ICICI Securities Q3 net profit up 36% to `137 cr
New Delhi: ICICI Securities, the investment services arm of ICICI Group, on Monday reported a 36 per cent rise in consolidated profit to Rs 137 crore for the third quarter of 2019-20. In comparison, the company's profit stood at Rs 101.1 crore in the October-December quarter of 2018-19, ICICI Securities said in a regulatory filing. The company's total income also rose to Rs 422.12 crore, compared with Rs 404.7 crore in the third quarter of the previous fiscal.
Rise in profit was on account of growth in revenue, reduction in expenses, and changes in statutory tax rates, it said.
During the quarter, ICICI Securities' revenues from retail equities and allied business climbed 5 per cent to Rs 228 crore from Rs 216 crore in the year-ago period.
I-Sec, which is a retail led equity franchise, distributor of financial products, and investment banker, has 4.7 million operational accounts, of which about 94,000 were added during the quarter.
"We continued to focus on executing our strategy of offering appropriate products and solutions to varied clientele across a spectrum of needs. We are continuously working towards building for the future with client interest at the center and a keen focus on using digitization to contain cost, enhance productivity and efficiency.
"During the quarter, we saw an uptick in retail participation due to large, mid, and small caps participating in the rally, and If the momentum in the broader market sustains, it will be beneficial for a franchise like ours," the company's MD and CEO Vijay Chandok said.
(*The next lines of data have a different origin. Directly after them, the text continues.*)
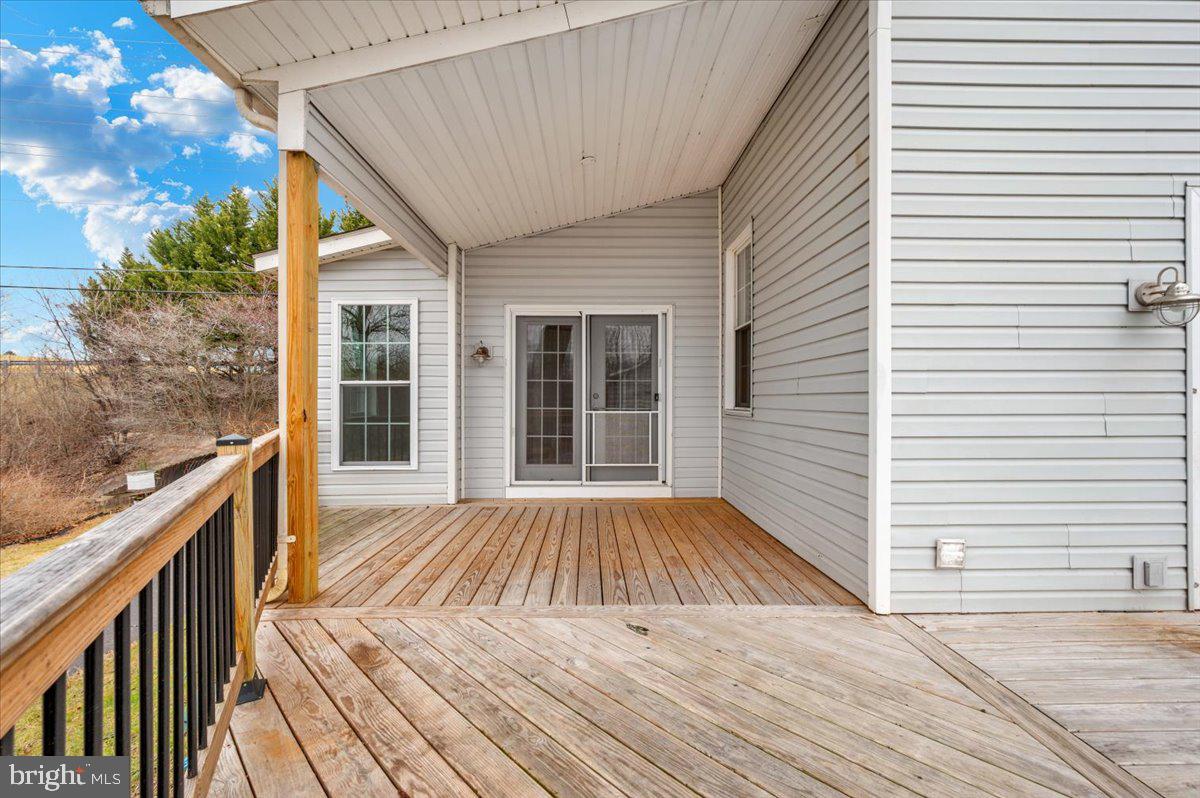 11646 Creagerstown Road Woodsboro, MD 21798 - Photo 53 of 62 First floor primary suite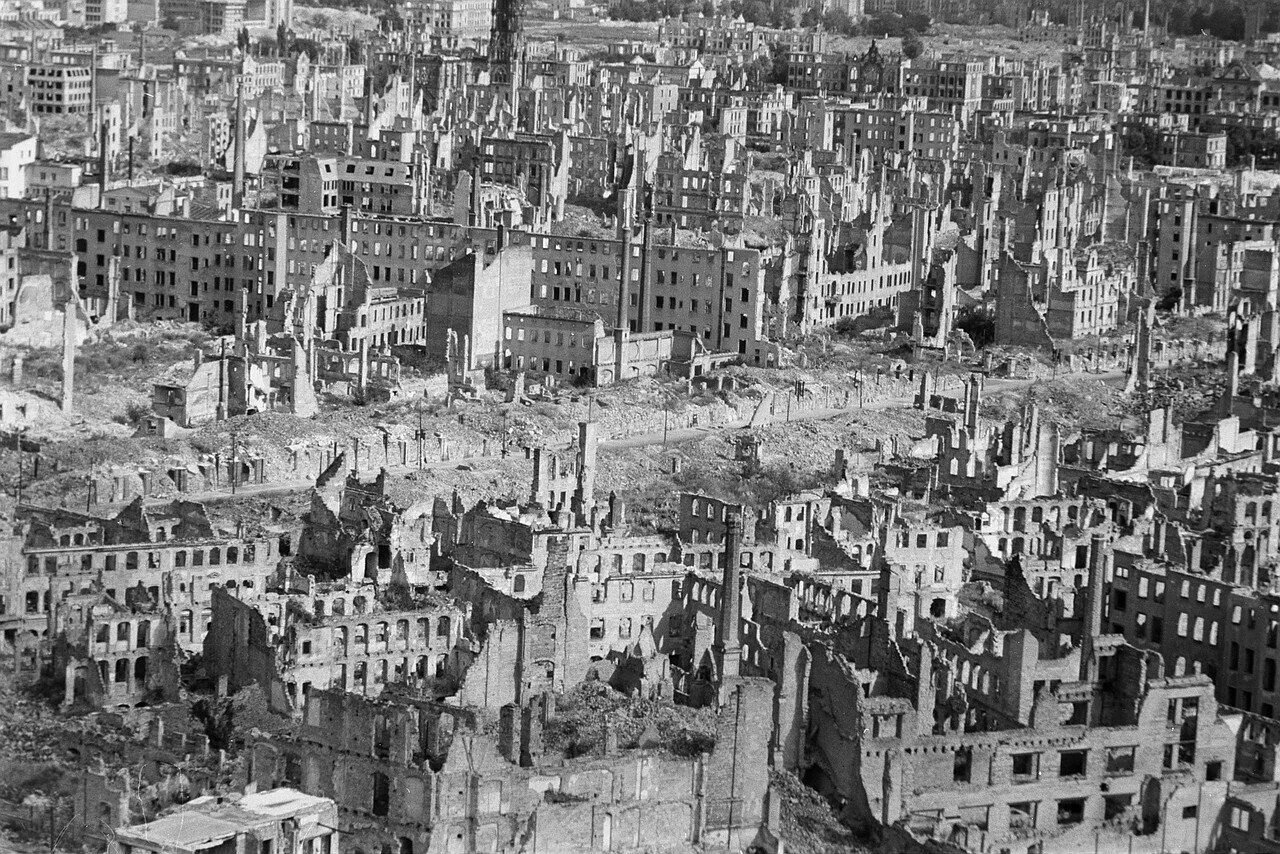 Немецкие города после войны. Дрезден бомбардировка 1945. Дрезден до бомбардировки 1945. Дрезден после бомбежки 1945 год. Дрезден после бомбардировки 1945.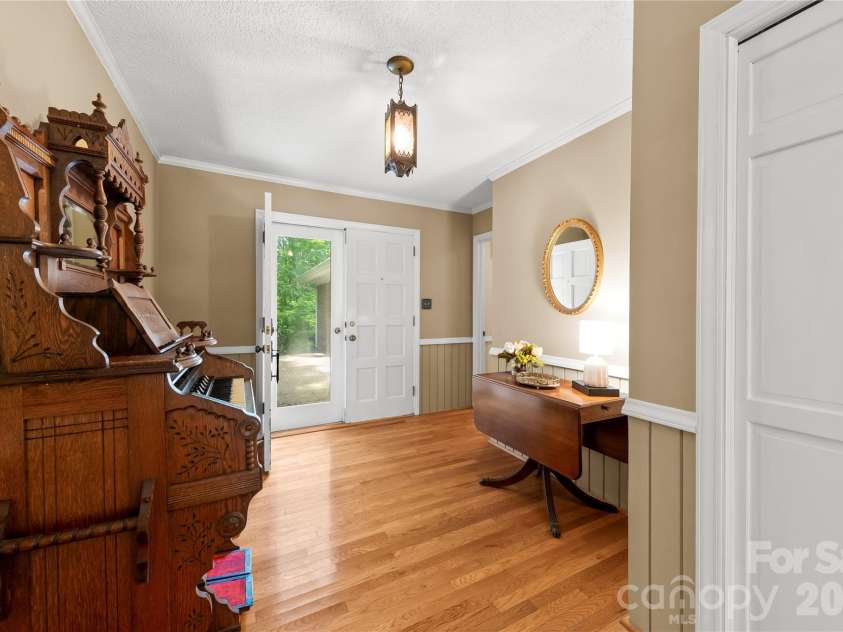 2038 Skyway Drive, Monroe, NC 28110.  MLS# CAR4387550, YatesRealty ID 26192. 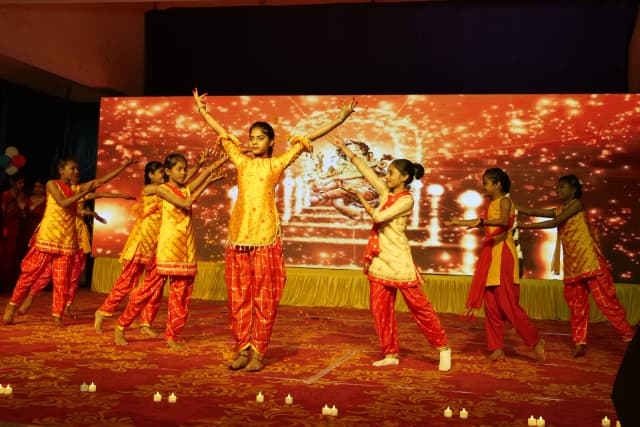 Seven Stars Academy Gallery 21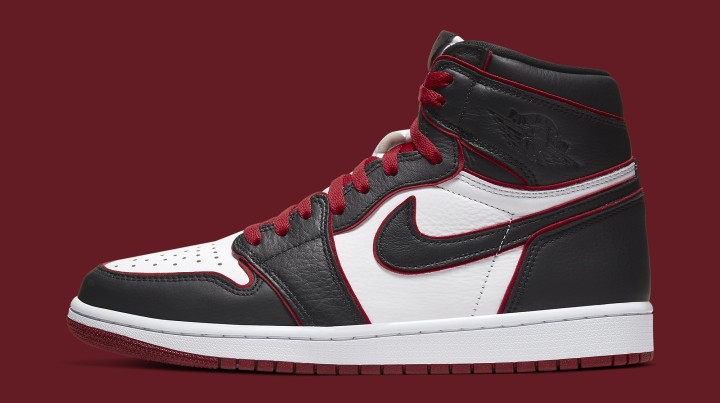 air-jordan-1-retro-high-og-bloodline-555088-062-side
He said that in the current environment, where investors are looking for trust, transparency, and safety especially in the light of recent market developments, the company is well positioned to capitalise on it. The company's revenue from investment banking plunged by 31 per cent to Rs 18 crore in the quarter under review primarily due to lower number of high value deals. Besides, revenue from distribution business slipped 4 per cent to Rs 103 crore due to the anticipated reduction arising due to changes in regulations pertaining to mutual fund distribution.